Die von hohen Bäumen bewachsene Kante steht als Naturdenkmal unter Schutz – und so reagierte unlängst ein Anwohner mit Sorge, als Arbeiter mit Hubwagen anrückten und sich an den darauf wachsenden Bäumen neben einem Neubau gegenüber der Hausnummer 86 zu schaffen machten. Er informierte den Bürgerverein Müngersdorf und seine Ehrenvorsitzende des Vereins, Hildegard Jahn-Schnelle, das Ordnungsamt.
Illegale Baumfällung: Stadt prüft rechtliche Konsequenzen
Die Ordnungsbeamten rückten an – und stoppten die Arbeiten.
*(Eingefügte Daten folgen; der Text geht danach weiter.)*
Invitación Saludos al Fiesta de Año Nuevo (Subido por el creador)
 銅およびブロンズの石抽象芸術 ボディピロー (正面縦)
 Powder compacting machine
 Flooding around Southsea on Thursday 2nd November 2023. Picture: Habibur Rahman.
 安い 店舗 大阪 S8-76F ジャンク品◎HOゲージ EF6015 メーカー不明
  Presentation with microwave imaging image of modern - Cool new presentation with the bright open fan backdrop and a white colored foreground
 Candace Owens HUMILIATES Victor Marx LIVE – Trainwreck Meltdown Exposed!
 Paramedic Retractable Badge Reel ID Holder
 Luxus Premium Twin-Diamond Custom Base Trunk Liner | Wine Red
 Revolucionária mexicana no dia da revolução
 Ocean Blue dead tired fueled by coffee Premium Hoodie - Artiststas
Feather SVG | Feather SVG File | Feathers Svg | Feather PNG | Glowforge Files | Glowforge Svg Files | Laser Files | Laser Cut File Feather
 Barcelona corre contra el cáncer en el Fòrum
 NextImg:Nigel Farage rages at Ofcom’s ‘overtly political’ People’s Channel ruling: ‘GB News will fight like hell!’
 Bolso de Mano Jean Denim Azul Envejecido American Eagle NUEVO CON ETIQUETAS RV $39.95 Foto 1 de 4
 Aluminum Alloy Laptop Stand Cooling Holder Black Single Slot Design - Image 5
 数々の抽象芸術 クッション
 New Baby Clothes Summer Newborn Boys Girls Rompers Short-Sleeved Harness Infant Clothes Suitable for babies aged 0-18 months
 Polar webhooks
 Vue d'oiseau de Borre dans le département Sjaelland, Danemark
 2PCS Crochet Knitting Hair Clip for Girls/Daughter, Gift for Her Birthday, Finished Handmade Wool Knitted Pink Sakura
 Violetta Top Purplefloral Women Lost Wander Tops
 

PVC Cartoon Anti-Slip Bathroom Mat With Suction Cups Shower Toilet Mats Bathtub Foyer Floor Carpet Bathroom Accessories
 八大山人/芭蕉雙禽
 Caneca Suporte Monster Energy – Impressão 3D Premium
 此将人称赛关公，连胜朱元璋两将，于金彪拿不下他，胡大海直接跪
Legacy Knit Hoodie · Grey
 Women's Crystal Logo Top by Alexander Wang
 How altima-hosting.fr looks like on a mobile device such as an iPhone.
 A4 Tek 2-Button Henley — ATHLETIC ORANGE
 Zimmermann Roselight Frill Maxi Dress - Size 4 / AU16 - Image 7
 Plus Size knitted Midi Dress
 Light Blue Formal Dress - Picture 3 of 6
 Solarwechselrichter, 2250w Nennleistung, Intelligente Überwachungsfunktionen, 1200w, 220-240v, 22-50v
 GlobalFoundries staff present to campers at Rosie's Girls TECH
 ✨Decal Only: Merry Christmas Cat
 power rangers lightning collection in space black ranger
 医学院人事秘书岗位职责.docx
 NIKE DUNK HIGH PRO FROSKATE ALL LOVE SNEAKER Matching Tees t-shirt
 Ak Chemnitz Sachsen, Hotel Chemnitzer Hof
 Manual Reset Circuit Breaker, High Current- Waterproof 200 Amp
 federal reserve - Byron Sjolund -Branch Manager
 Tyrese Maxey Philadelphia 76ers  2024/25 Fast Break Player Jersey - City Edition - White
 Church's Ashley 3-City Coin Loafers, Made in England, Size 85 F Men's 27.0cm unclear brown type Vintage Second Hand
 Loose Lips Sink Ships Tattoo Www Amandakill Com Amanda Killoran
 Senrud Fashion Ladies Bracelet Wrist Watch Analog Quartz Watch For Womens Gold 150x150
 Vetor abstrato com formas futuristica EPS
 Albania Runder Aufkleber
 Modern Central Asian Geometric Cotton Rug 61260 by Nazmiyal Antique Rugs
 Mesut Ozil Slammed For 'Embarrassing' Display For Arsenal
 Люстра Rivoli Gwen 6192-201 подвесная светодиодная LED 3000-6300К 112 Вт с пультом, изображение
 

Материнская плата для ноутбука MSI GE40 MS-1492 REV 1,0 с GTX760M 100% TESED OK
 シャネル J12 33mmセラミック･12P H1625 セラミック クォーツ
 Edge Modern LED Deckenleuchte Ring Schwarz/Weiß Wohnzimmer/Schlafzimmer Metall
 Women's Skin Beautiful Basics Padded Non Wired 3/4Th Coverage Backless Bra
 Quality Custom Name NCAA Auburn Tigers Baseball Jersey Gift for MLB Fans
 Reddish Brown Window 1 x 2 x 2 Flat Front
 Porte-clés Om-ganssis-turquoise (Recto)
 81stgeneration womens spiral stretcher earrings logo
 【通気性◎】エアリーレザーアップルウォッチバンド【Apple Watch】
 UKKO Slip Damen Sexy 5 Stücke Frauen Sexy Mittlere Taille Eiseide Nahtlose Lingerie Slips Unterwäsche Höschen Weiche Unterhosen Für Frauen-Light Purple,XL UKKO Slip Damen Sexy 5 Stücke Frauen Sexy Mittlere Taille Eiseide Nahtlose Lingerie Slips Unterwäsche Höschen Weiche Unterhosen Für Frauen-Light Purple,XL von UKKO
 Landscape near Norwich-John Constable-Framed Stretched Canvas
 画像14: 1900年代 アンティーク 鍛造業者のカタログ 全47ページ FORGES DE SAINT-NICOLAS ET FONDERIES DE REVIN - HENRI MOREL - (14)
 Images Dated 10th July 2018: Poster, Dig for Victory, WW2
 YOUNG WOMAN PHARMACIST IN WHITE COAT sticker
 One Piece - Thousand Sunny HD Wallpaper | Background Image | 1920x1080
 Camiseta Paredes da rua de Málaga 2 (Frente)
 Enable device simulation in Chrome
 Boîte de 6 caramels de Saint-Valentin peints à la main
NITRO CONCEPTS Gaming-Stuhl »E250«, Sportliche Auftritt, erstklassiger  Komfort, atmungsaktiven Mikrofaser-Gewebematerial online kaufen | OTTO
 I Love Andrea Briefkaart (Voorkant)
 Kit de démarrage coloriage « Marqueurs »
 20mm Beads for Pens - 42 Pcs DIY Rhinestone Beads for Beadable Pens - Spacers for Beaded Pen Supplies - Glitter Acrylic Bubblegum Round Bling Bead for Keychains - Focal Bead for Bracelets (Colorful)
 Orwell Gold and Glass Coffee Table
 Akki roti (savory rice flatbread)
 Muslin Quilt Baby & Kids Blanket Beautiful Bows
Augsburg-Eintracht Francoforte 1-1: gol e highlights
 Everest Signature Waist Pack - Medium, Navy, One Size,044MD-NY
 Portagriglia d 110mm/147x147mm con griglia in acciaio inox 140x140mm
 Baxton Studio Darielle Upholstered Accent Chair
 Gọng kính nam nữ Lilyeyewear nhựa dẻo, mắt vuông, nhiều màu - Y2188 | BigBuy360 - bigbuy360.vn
Die Stadtverwaltung gibt genauer Auskunft über das Geschehen: Das Team des Ordnungsamtes habe festgestellt, dass die Mitarbeiter eines Gartenbaubetriebes dort Bäume fällten, schreibt Robert Baumanns, Sprecher der Stadt. „Auf Nachfrage konnte keine Genehmigung vorgelegt werden“, so Baumanns. „Die Arbeiter wurden aufgefordert, die Fällarbeiten einzustellen.“ Dem hätten sie Folge geleistet und Ordnungsamt habe umgehend das Umweltamt informiert.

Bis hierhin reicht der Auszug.